Research and lobbying undertaken by public health experts at Queen Mary University of London (QMUL) has helped change the UK government’s sports strategy.
On 17 December, Sports Minister Tracy Couch published the government’s new strategy in response to four months of consultation, which includes the inclusion of more general fitness activities as well as formal sports, and a recognition of the need of a duty of care for sports participants.
The head of Public Health Research and Policy at QMUL’s Blizard Institute, Professor Allyson Pollock, campaigned for more than a year to increase government awareness of the injury statistics in sport, particularly amongst school children, and the need for more safety-conscious sports governance and promotion of fitness and activity over formal sports.Professor Pollock, who is also Public Health and Policy lead for the Centre for Trauma Sciences, said: “The government has announced it has changed its position on, and more importantly funding to, formal sport in schools and sports bodies for children, now switching to promoting physical activity and safety and good governance and shifting the emphasis away from only funding formal sport to more general fitness.“My team in collaboration with other academic institutions played a significant role in this decision. We held high profile seminars on injury in rugby attended by many key sports scholars as well as concerned members of the public, we generated peer review publications on sports injury and we presented our collective research as evidence to the health select committee last year.”

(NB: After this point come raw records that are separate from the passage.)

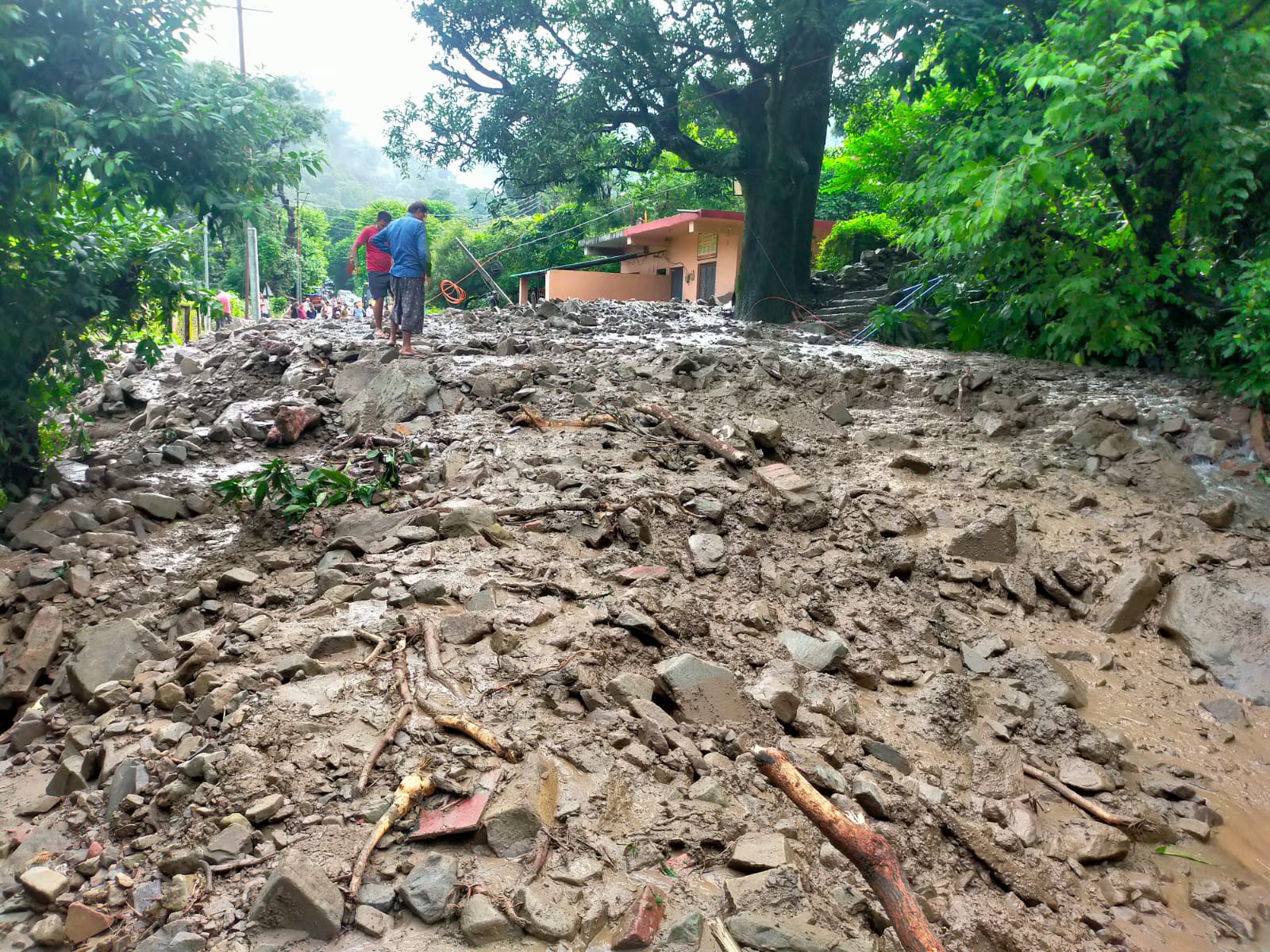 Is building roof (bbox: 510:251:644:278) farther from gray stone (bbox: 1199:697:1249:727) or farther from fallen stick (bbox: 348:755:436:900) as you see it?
fallen stick (bbox: 348:755:436:900)

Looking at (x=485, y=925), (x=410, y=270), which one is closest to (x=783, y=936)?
(x=485, y=925)

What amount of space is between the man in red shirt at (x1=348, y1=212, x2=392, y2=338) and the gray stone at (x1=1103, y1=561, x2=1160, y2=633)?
325 inches

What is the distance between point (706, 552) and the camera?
186 inches

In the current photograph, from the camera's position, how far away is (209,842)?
98.8 inches

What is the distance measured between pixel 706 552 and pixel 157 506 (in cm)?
431

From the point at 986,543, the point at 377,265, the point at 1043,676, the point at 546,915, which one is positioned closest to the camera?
the point at 546,915

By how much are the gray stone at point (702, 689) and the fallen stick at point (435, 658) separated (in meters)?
0.82

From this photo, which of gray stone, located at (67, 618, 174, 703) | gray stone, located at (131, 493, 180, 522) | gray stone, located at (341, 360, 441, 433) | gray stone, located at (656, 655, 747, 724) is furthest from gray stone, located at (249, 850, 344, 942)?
gray stone, located at (341, 360, 441, 433)

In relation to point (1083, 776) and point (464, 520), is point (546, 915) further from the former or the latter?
point (464, 520)

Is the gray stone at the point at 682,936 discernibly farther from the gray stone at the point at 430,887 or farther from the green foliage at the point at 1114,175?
the green foliage at the point at 1114,175

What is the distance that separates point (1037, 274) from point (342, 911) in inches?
285

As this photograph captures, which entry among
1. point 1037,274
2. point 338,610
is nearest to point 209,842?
point 338,610

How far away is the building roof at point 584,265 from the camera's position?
82.8 ft

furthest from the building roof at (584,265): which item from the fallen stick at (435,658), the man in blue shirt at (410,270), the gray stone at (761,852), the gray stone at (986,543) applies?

The evidence submitted to the health select committee included a call for guidance and oversight on communicating the risks of sport, a greater emphasis on promoting physical activity from non-competitive sport, and a recognition that ‘one size does not fit all’ when considering the needs of boys and girls in curriculum development and prioritisation of sports.
The new strategy includes the appointment of former Paralympian Dame Tanni Grey-Thompson, to head an Independent Working Group on a new Duty of Care for participants in sport that will look at “ways to make sport safer in the wake of concerns about concussions and cardiac arrests”.